LaRocque warns about public perception of slothfulness in integration movement

CARICOM Secretary-General, Irwin LaRocque, said yesterday that the impatience of the region’s citizens to enjoy the benefits of integration should serve as an impetus to ensure the urgent resolution of  outstanding issues that hinder Community nationals, including the private sector, from taking full advantage of the CARICOM Single Market and Economy (CSME).  The CARICOM Secretary-General was delivering remarks at the 34th  Meeting of the Council for Trade and Economic Development (COTED) in Georgetown.

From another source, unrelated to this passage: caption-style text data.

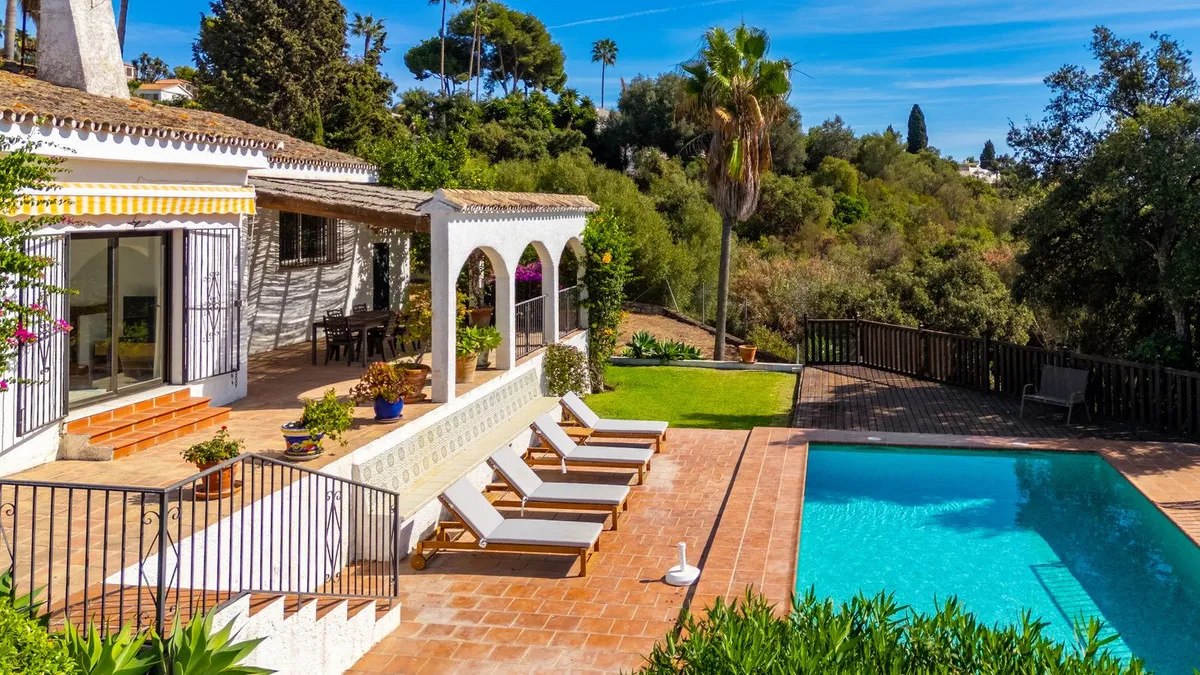 4c402d6b-29e8-4936-8a2d-26ede8b698e2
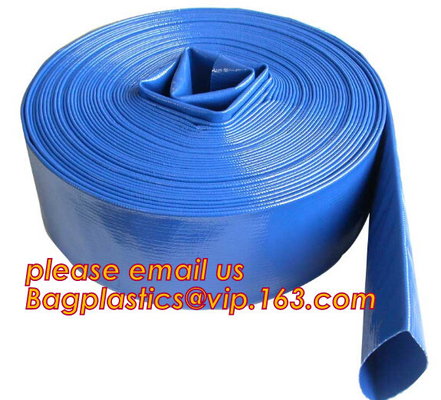 Customized Grade Gardening Fabric Rolls, Weed Control, Eco-Friendly, Flower Bed, Mulch, Pavers, Edging, Garden Stakes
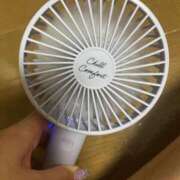 ヒメ日記 2025/07/17 22:30 投稿 きらり 風俗の神様　浜松店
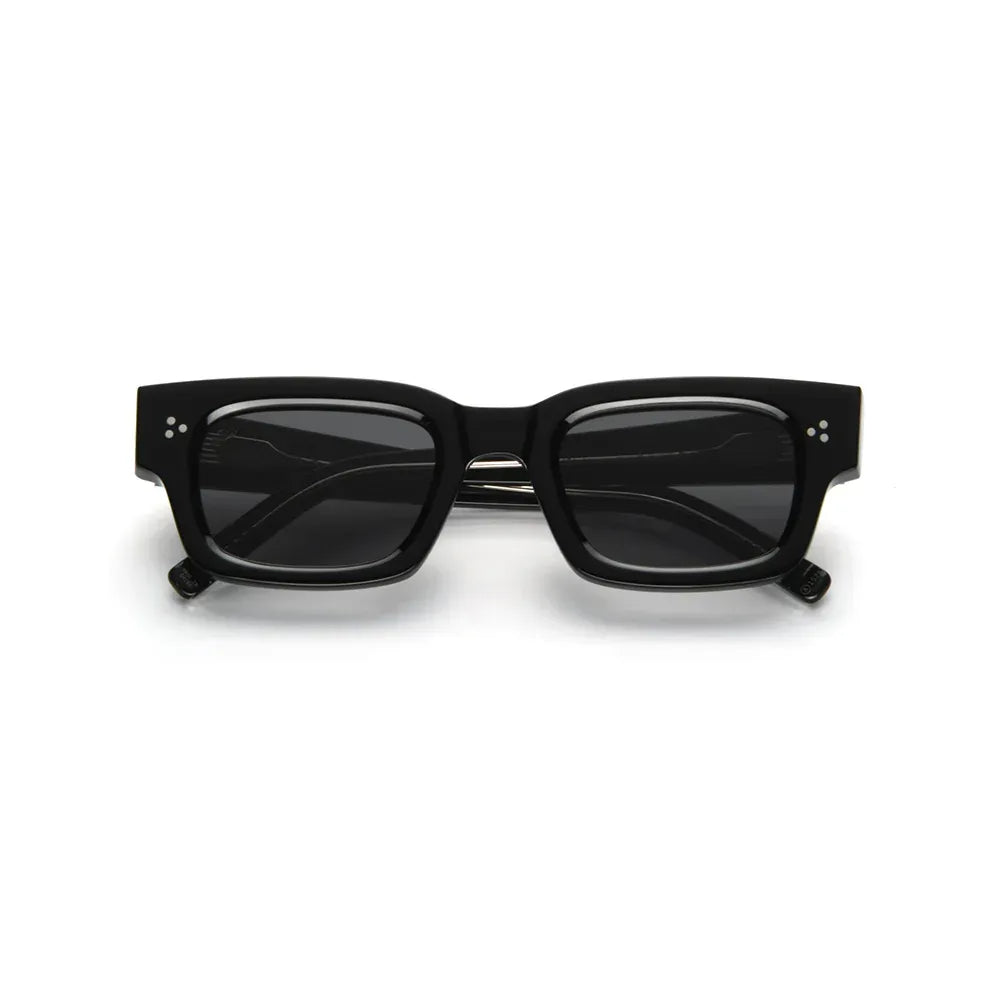 Syndicate Sunglasses - AKILA LA - VENTURER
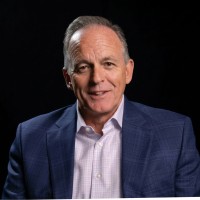Jerry South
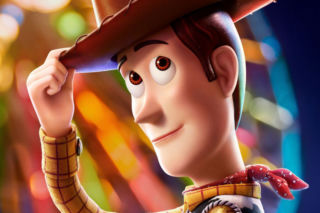 Idealny psychotest dla fanów bajek. Którą postacią z Toy Story jesteś? 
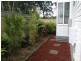 149/133 South Street, Tuncurry NSW 2428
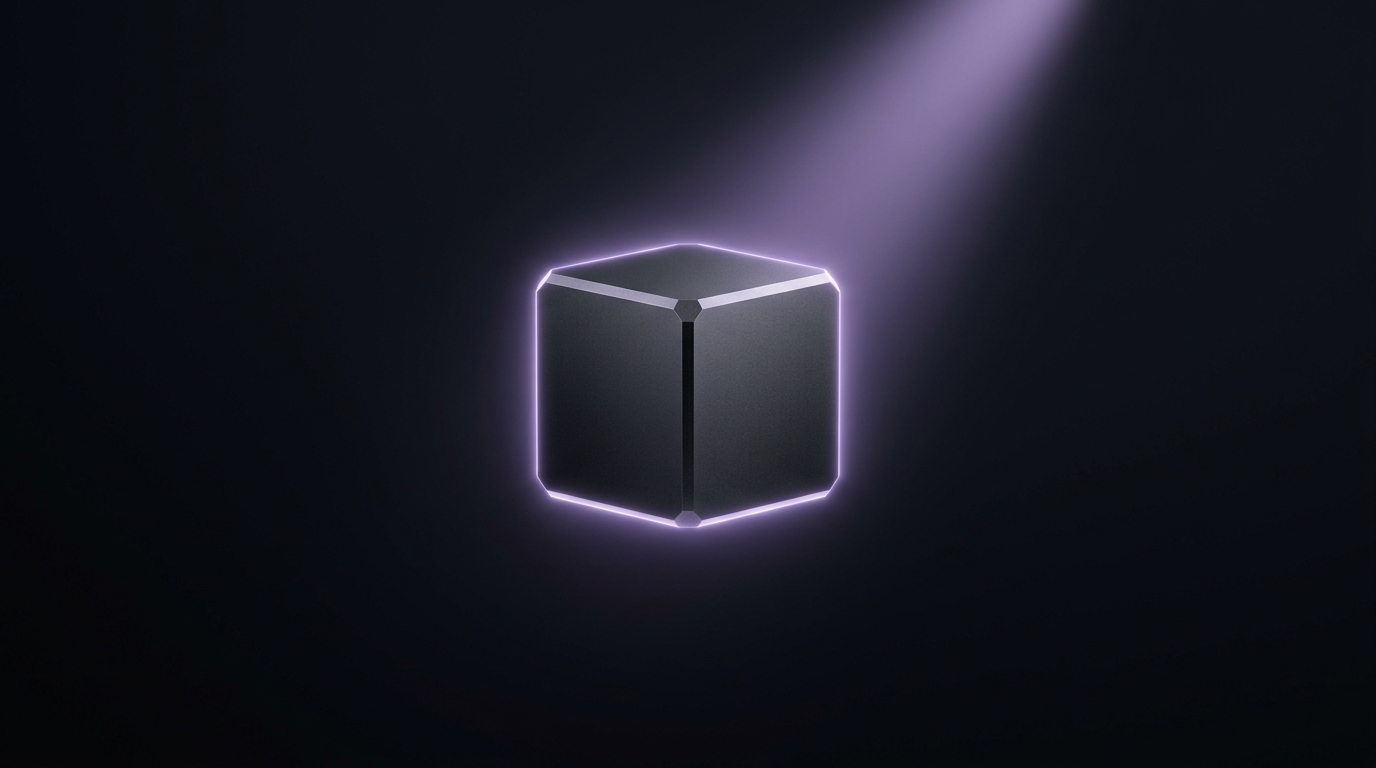 Backup M365 / Workspace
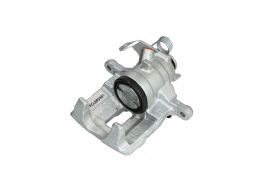 Zacisk Hamulcowy Zacisk Hamulca Tarczowego Tył L Pasuje Do: Nissan Nv3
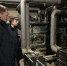 Городские депутаты помогают создать комфортные условия проживания для тюменцев - MegaTyumen.Ru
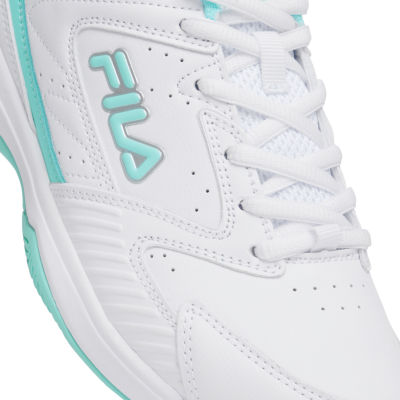 FILA Rifaso Pickleball Womens Sneakers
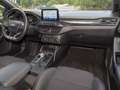 Ford Focus Turnier 1.5 Aut. ST-LINE LED NAVI B&O Blau - thumbnail 5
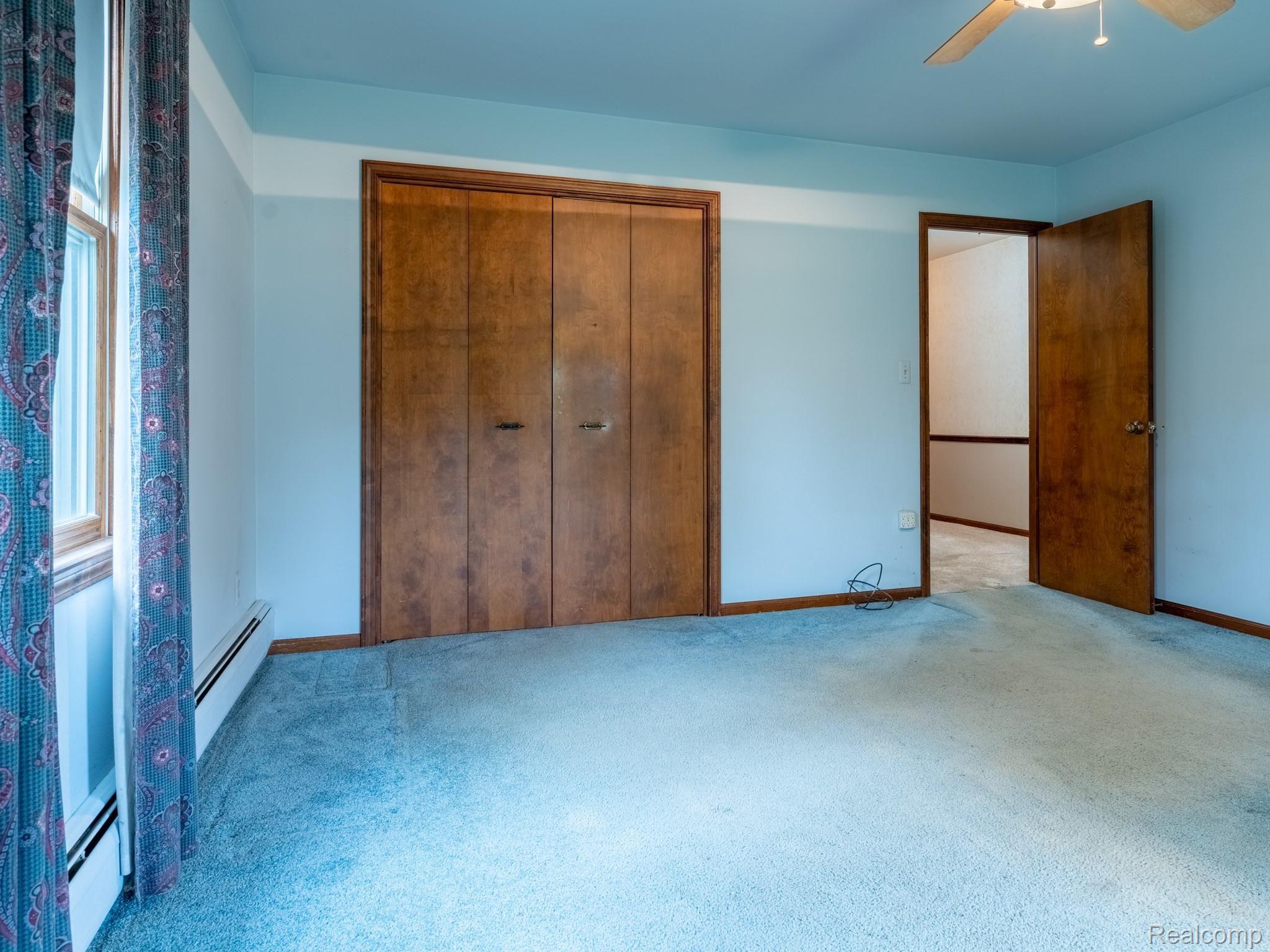 8320 Allen Road Fenton, MI 48430 - Photo 34 of 66 AllenRd-4.jpg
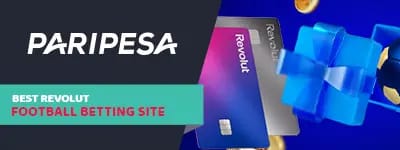 paripesa-sports-banner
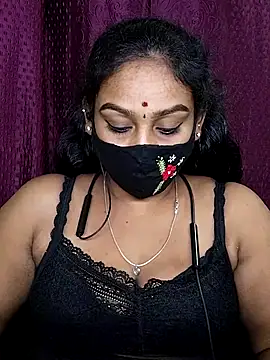 Snapshot of tamil_Monisha chatting on 08/01/26, 07:57 tamil Monisha online show from 08/01/26, 07:57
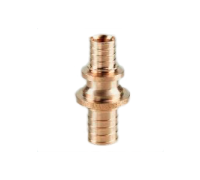 Муфта соединительная переходная REHAU RAUTITAN PLATINUM RX 32-25 13777221001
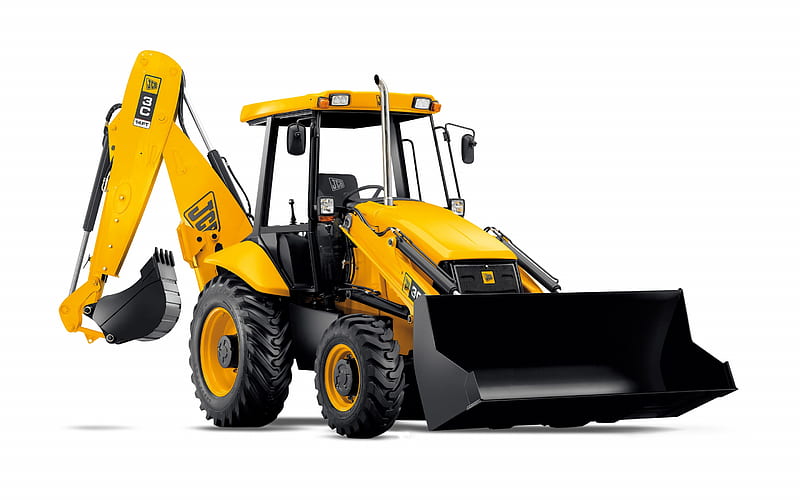 JCB
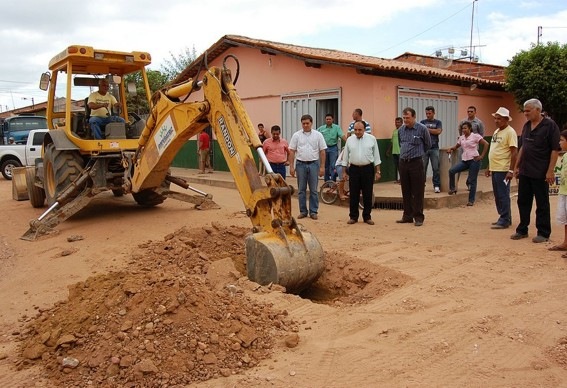 [obras-bacuri[6].jpg]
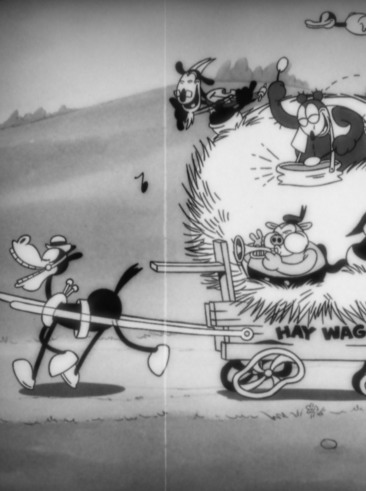 2013年11月上映的高分电影汇总,【必看推荐】建议收藏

These issues, he noted,  affect not only daily lives and day-to-day operations but also the public perception of inertia and slothfulness engulfing the integration movement, LaRocque said, according to a copy of his address made available by the CARICOM Secretariat at Turkeyen.

Irwin LaRocque

“Let us move swiftly to consolidate and strengthen our Single Market and Economy as it is critical that we collectively engage the global market, particularly in these stringent times,” the Secretary-General is quoted as saying.

“Even as we continue to fight to ensure that the international community takes account of our special and vulnerable circumstances, we have to put our own house in order,” he warned.

The need for this becomes all the more apparent, he added, as they move ahead with the negotiations for the conclusion of a Trade and Development Agreement with Canada and having commenced the preparations for re-engaging the Dominican Republic on the implementation of the CARICOM-Dominican Republic Free Trade Agreement.

Further, the Trade and Investment Council (TIC) with the United States, which has been dormant for some time, will be meeting here in Georgetown tomorrow, he added,  at a point when the region’s exports to the US under the Caribbean Basin Initiative (CBI) and its related Acts are being threatened.

This meeting of the TIC represents a timely re-engagement between CARICOM and the US, LaRocque declared.

He also told the ministers and delegates that the COTED was  happening at a time when the entire Community is in a mode of reform and change as efforts are being made to make a more meaningful impact on the lives of the people of the Region.

“These changes and reforms are designed to bring about a more effective, efficient and dynamic Community and Secretariat in order to deliver on the promise of creating a Community for all,” the CARICOM Secretary-General said.

An issue that has occupied the time of the Council in recent years relates, in one way or another, to the operation of the Common External Tariff (CET), he noted.

He also pointed out that the Caribbean Court of Justice has made judgements and pronouncements on specific matters that impinge on the overall operation of the CET.

“We must recognise that we are operating in a rules-based environment, as enshrined in the various provisions of the Revised Treaty and as interpreted by the CCJ,” LaRocque advised.

And to some extent, he said,  that is new territory for the manner in which the COTED conducts its affairs.

However, he added, the framers of the Treaty  must have intended that this Council would be enabled to legitimately manage the regimes under its control in seeking to achieve the objectives of the Community.

“It is not beyond the capacity of this Council to find creative solutions to some of these problems, while keeping within the four corners of the Treaty,” the Secretary-General said.